DVD ReviewsRating: 5 of 5 yaps

Bright Star

2009 could be termed The Year of the Forgotten Female.

As awards season descends, performances such as Maya Rudolph’s tentative mother-to-be in “Away We Go,” Ellen Page’s derby queen on the verge in “Whip It,” and even Gabourey Sidibe’s sullen, haunted teen in “Precious,” have been cast aside in favor of showier roles.  Sadly, the current Hollywood scene seems to favor sweeping revelations set to swelling music over subtle, personal journeys that are often infinitely more rewarding, for actresses and audiences alike.

The same is true for Abbie Cornish in “Bright Star,” Jane Campion’s latest and largely forgotten period piece.  As Fanny Brawne, wealthy fashion enthusiast and muse to destitute poet John Keats (Ben Whishaw), Cornish must rely on dry wit, small gestures and well-bred words.  The results may require more attention on the audience’s part, but it pays off in spades.

Campion leaves no detail ignored, using lighting and camera angles the way a painter uses brushstrokes.  The flowers and butterflies of the 19th century English countryside are exquisitely rendered, and Cornish’s colorful costumes are nothing short of fabulous.  The director contrasts the luxe lifestyle of Cornish and her family with the squalor of Whishaw’s, in perhaps the most accurate depiction of a writer’s financial existence in recent pop culture.

As Keats, Whishaw’s quiet sensuality speaks loud and clear, and Paul Schneider, usually typecast in nice-guy roles, relishes his villainous turn as literati colleague Charles Brown.  Kerry Fox’s Mrs.

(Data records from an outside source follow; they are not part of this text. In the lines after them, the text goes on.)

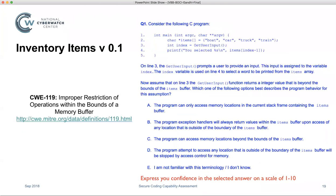Similarly, we have other items in the inventory. In this particular example, we're looking at how well someone understands the level of support received from the C runtime for memory management, particularly when you index an array out of its intended bounds. We put the test taker into situations that help us understand whether they comprehend conditions that can lead to buffer overflows — the knowledge pieces that lead to buffer overflows. Again, they express confidence in the selected option.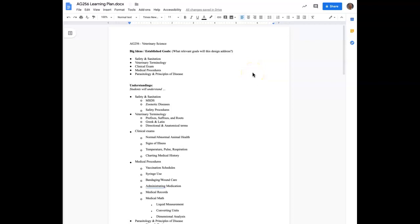Hello, welcome to another tutorial. This one is about Grackle, a Google Suite Accessibility Tool.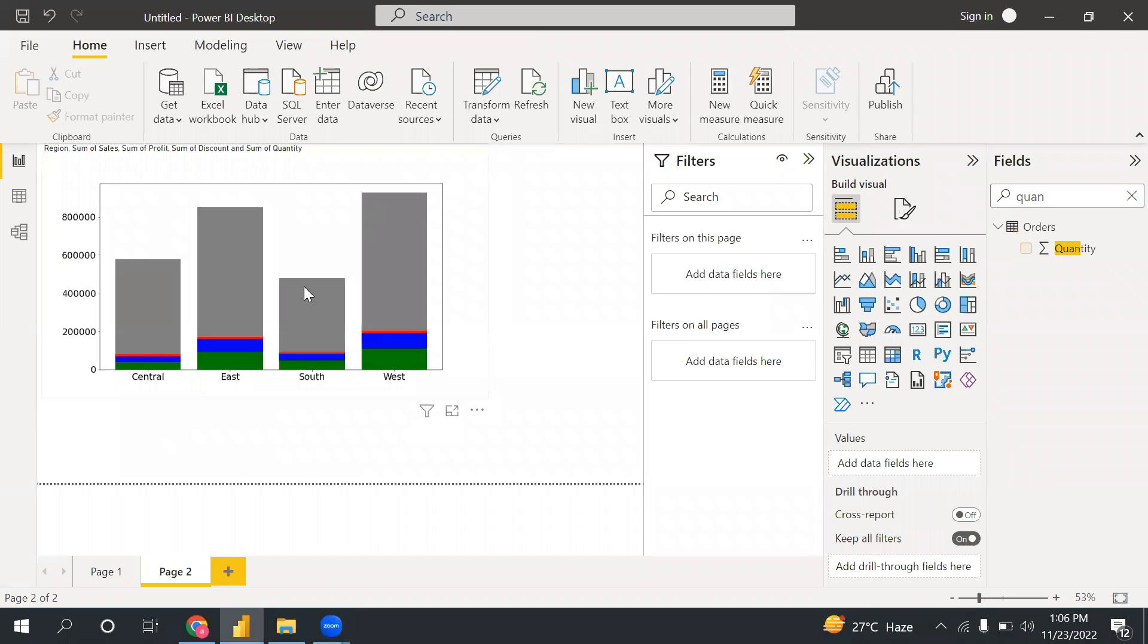Hello, everyone. Welcome to Nikita Cloud Tech. In this video, we are going to discuss how we can create a stacked bar chart using Python in Power BI.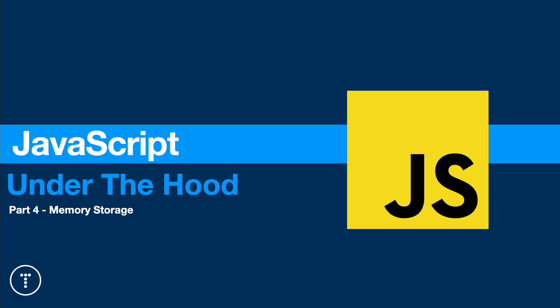In this video, we're going to talk about memory storage. Just to reiterate what we've already gone over in parts one through three, we know that JavaScript is a synchronous single-threaded language at its core.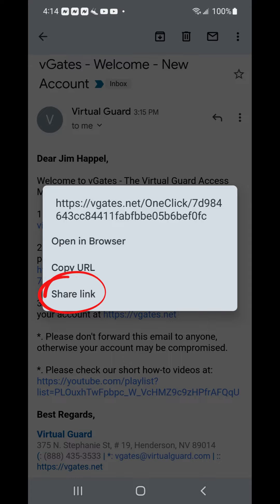However, we do not suggest sharing the link with anyone other than yourself, as this may compromise your account. Once you follow this link to the vGates portal page, your username — which is your email — will appear, and you will be prompted to select and confirm a new initial password.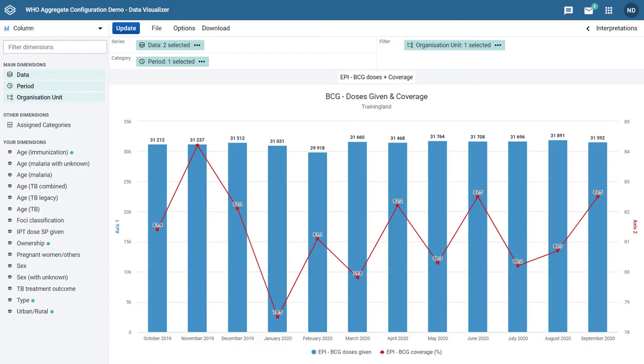In the example we currently see on screen, there are two vertical axes, one for each data item we have selected.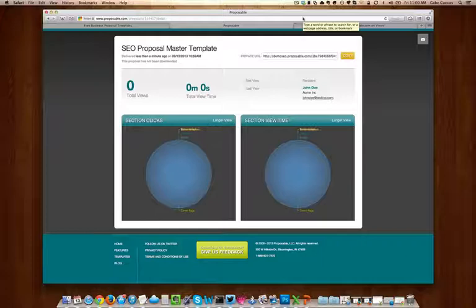Thanks for watching this tutorial, and feel free to contact us if you have any questions on using our sample templates.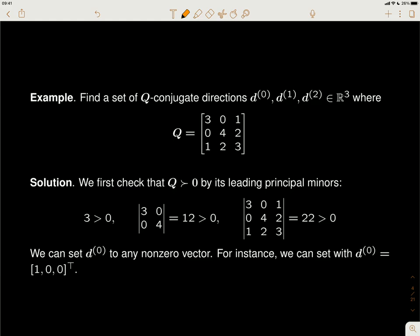Last time we introduced the definition of Q-conjugated directions. The idea of Q-conjugated directions are directions that are perpendicular in the sense of the Q-inner product. We say that X and Y are Q-conjugated, or perpendicular in the Q-inner product sense.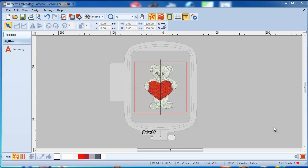Welcome to another short tutorial about the Warenet Embroidery Software Customizer. Today we look at the canvas we are working with, at the measuring tools we have, at the grid, at the background color, etc.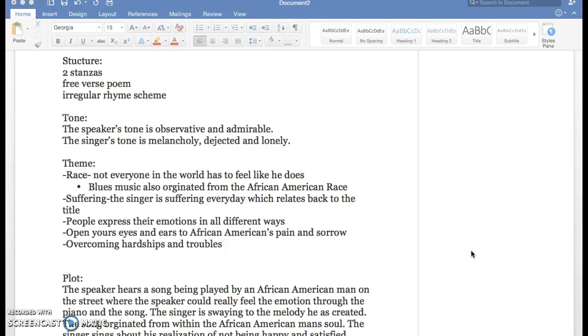He just can't get out of his suffering and sorrow. Another theme would be people express their emotions in all different ways. For example, the singer is expressing his emotion through song. You can clearly tell his emotion, you can feel it through his music.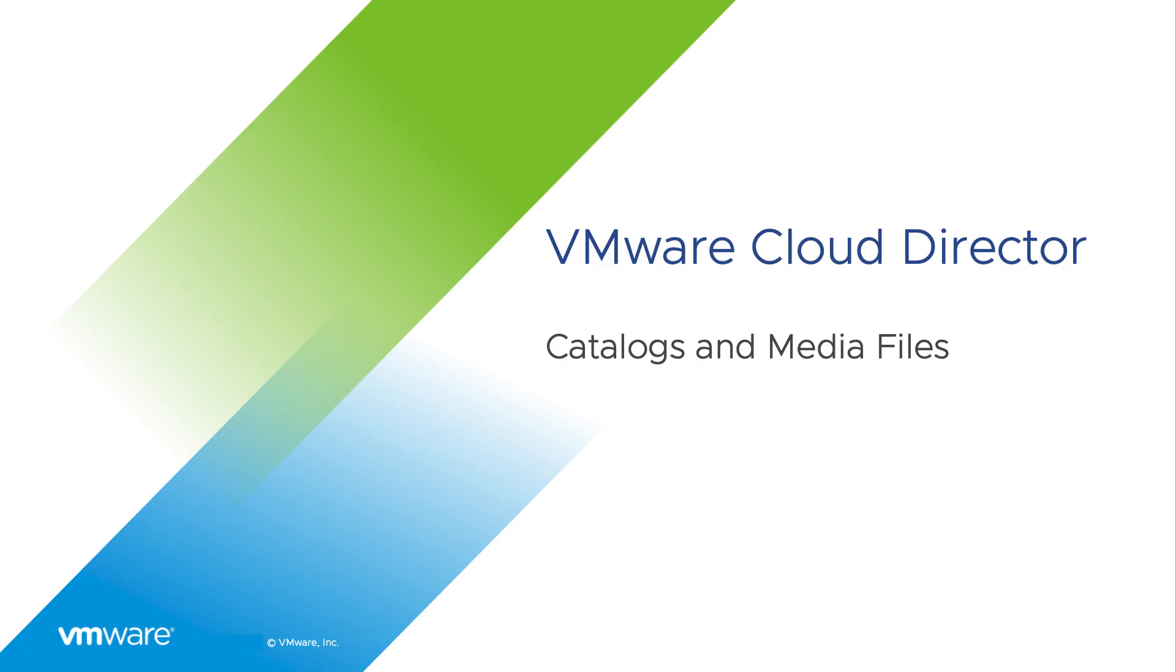Hi, in this video we are going to see how to create and update catalogs and media files in VMware Cloud Director.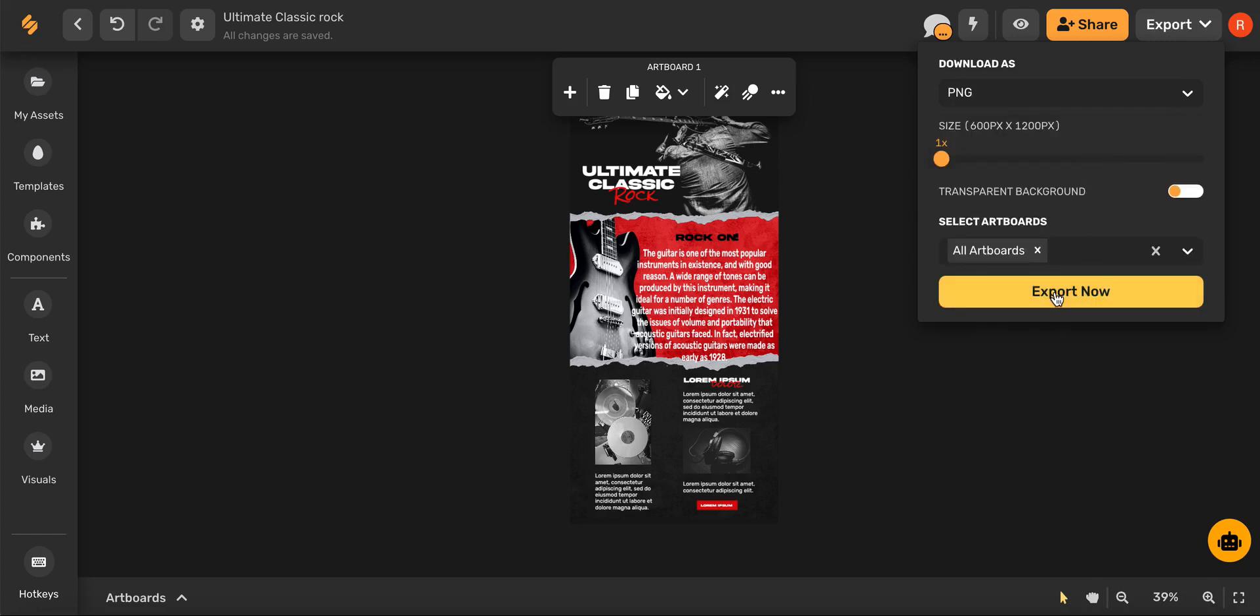And there you go, amazing copy for your blog using AI. Check out our other videos to see how Simplified's AI tools can help you every step of the way with your website. See you there!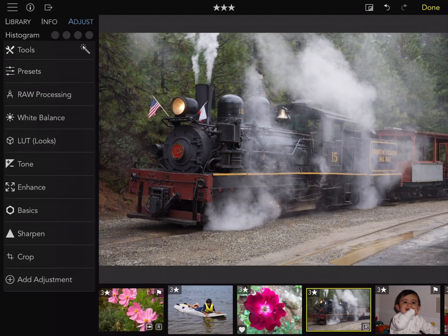A new feature in RAW Power 3.0 is the LUT adjustment. LUT stands for lookup table, which is a technical term for a large table of numbers that describes how to convert every possible color in an image. A lookup table can tint an image, make it black and white, or make very significant changes to an image's appearance.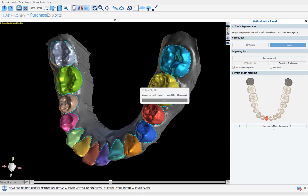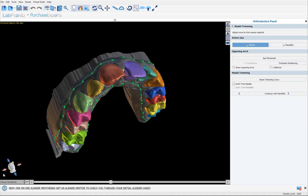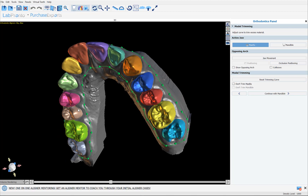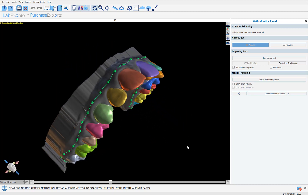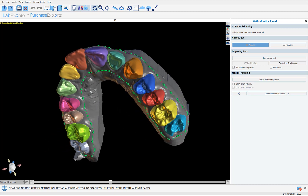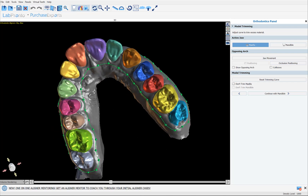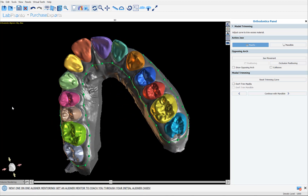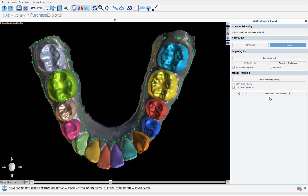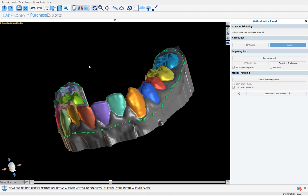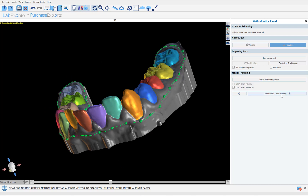I'm going to click Continue to Model Trimming, and the software has automatically drawn a trim curve, meaning that anything outside the trim curve will automatically be removed and cleaned up. If you want to fine-tune the trim curve, simply grab and drag any of the nodes. I'm going to click Continue with Mandible — once again we can review the trim curve — and then click Continue to Teeth Moving.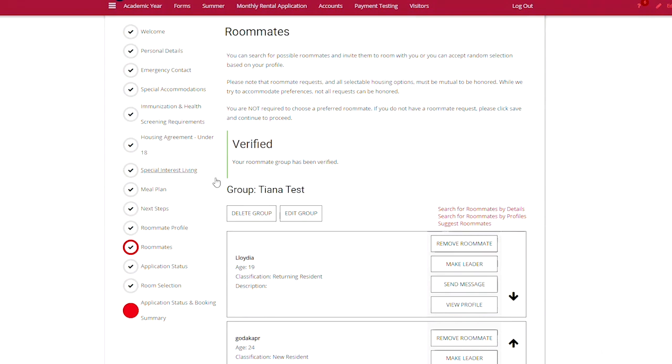Now you'll get this pop-up notice letting you know that the roommate group is verified.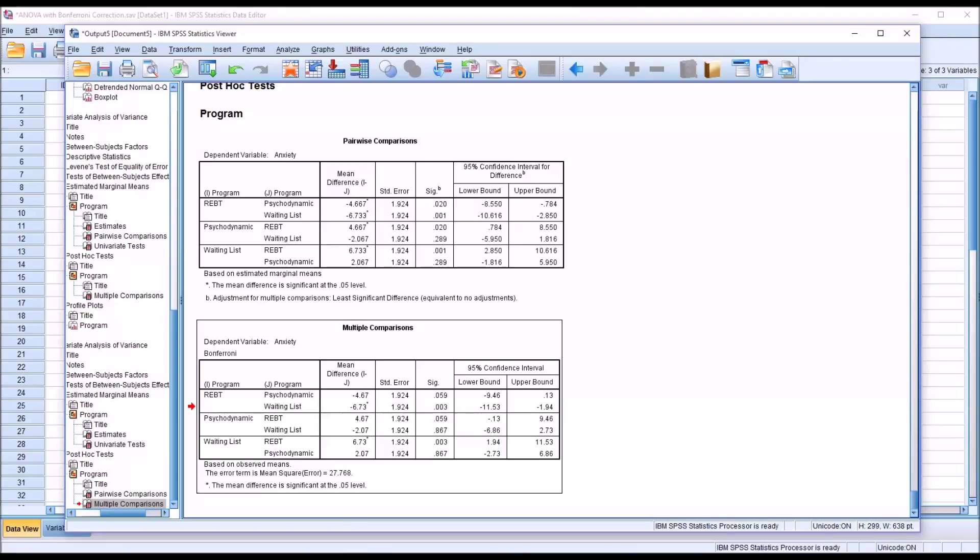I hope you found this video on performing an ANOVA with a Bonferroni correction to be useful. As always, if you have any questions or concerns, feel free to contact me and I'll be happy to assist you.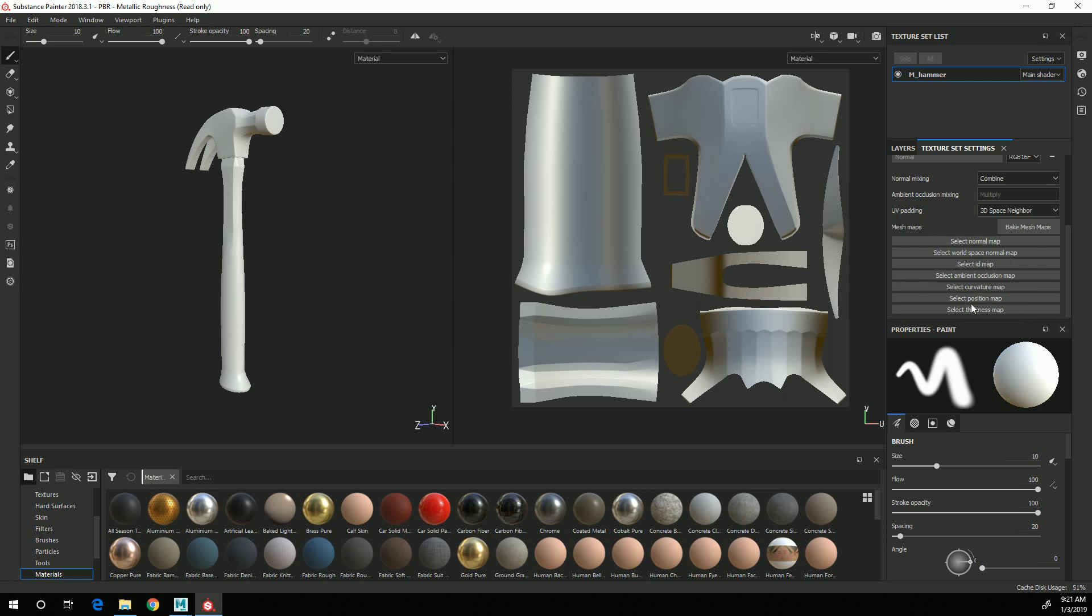For those procedural generators you actually need several different maps to make the generators work. In the next video we'll actually be baking out those maps.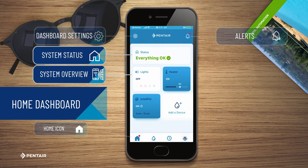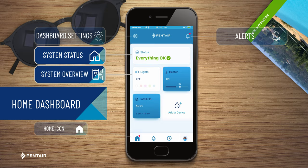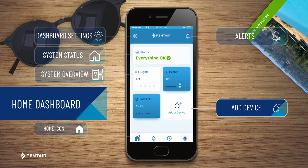System Status and Systems Overview shows you a list of all your connected water devices with their nickname and their status or condition. Add Device: you can add additional connected water devices by clicking on this option.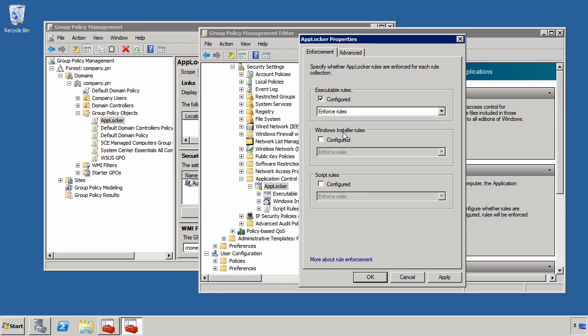For each of these three I can turn them on and then once they're turned on I can configure whether I want to enforce the rules or just set so they'll audit only. In the Audit Only configuration, no applications will actually be prevented from executing. However, I will get event log error messages that let me know that users are attempting to run these prevented applications.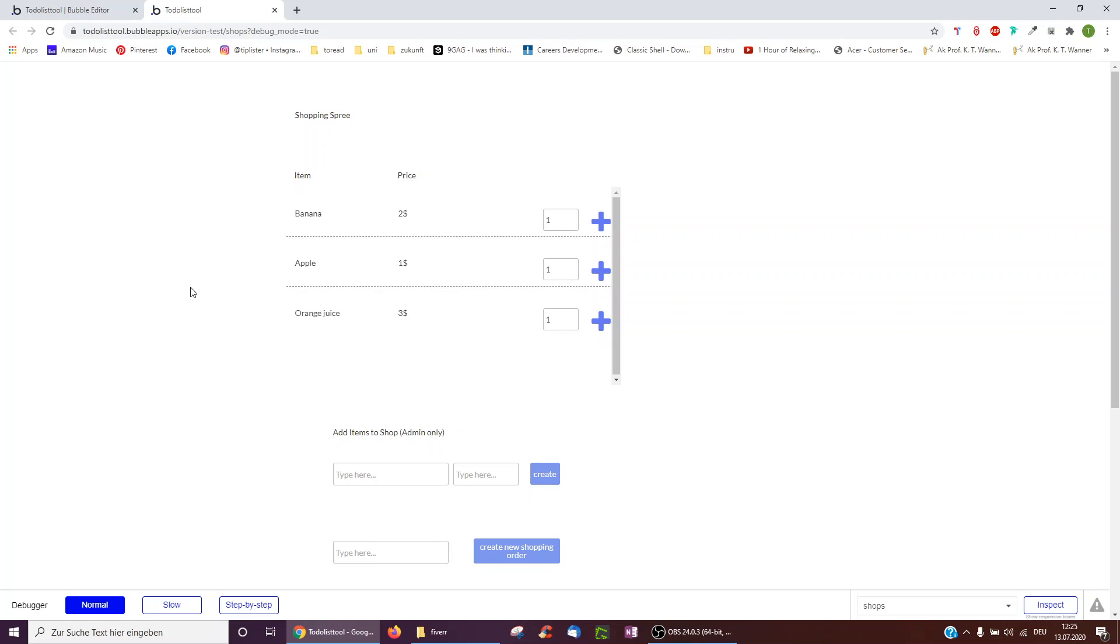Hello, this is Taz from TipLister. Today we're going to look at a scenario that actually comes up surprisingly often.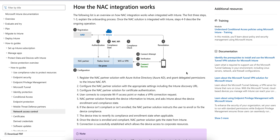If you are an endpoint engineer or managing endpoints like mobile, Mac, or Windows operating systems, you must be aware about NAC - Network Access Control. It works with conditional access.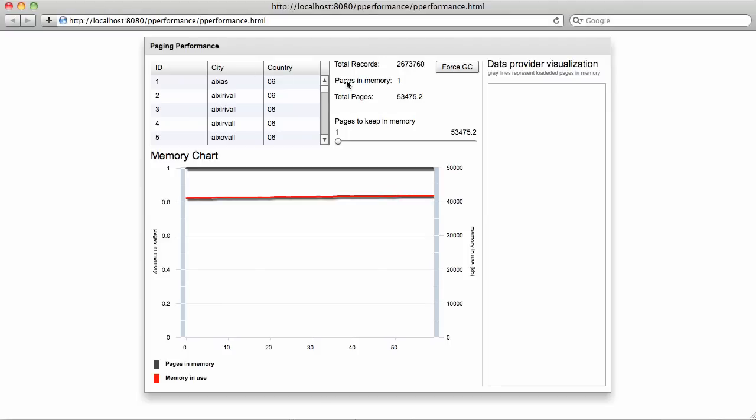In the user interface, there is a data grid bound to a special data provider, which is the actual component we provide. This data grid will visualize all the records from the table you just saw. Also, there is a data provider visualization which will show only the pages currently stored in memory.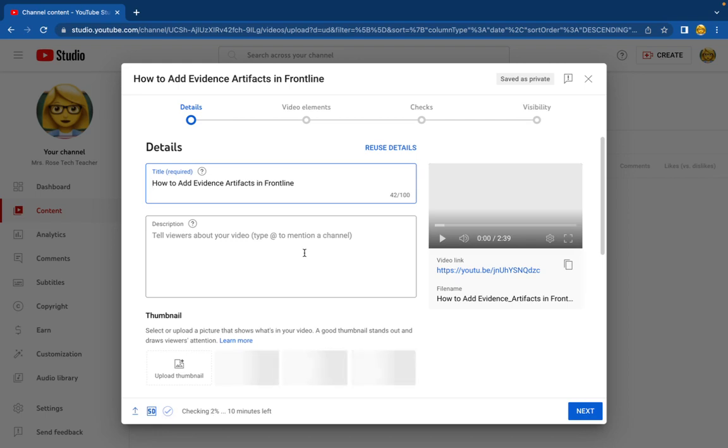I usually typically have most of my videos as unlisted. That way if people have the link they can reference them as much as they want but it won't be out there and it won't come up in a search.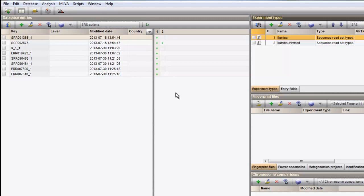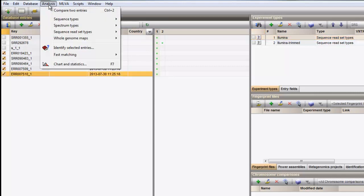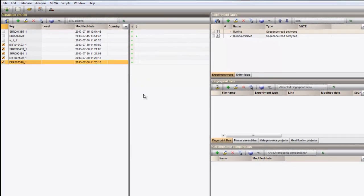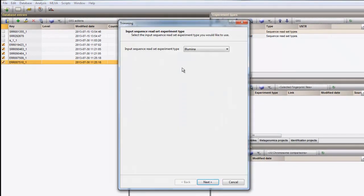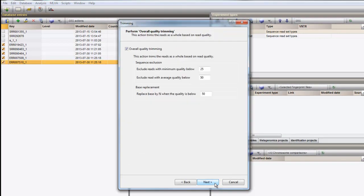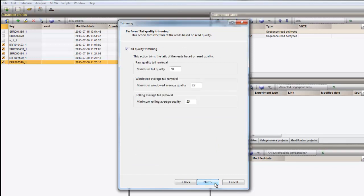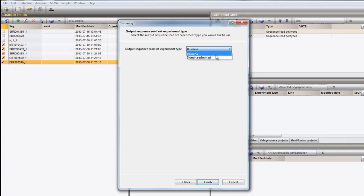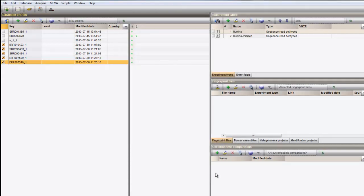If you want to run the same trimming pipeline on a number of samples, you can simply select all these entries in the database and start the trimming in batch. This will automatically generate a trimming project for each sample and execute them in batch.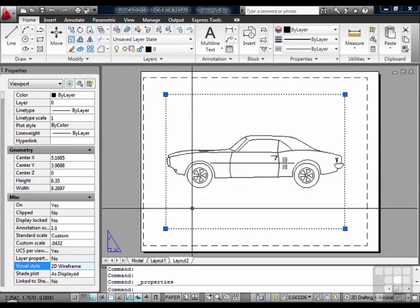Many drawings need more than one view of the object to create a drawing. So you can get more done with Paper Space than you can Model Space.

Brawne is responsible for one of the film’s most moving moments: instead of relying on words or embraces to comfort a grieving Fanny, her mother simply picks up the other end of the pillowcase Fanny is stitching, and gets to work. 

The romance of “Bright Star” isn’t destined for success, but in an era when uplifting escapism is the burgeoning trend, it’s brave of Campion to end the film on a tragic note.  “Attachment is such a difficult thing to undo,” notes one character.  Indeed, “Bright Star” reminds its audience that the most beautiful love affairs are often the most brief.

DVD extras include deleted scenes and illuminating featurettes on scene and character.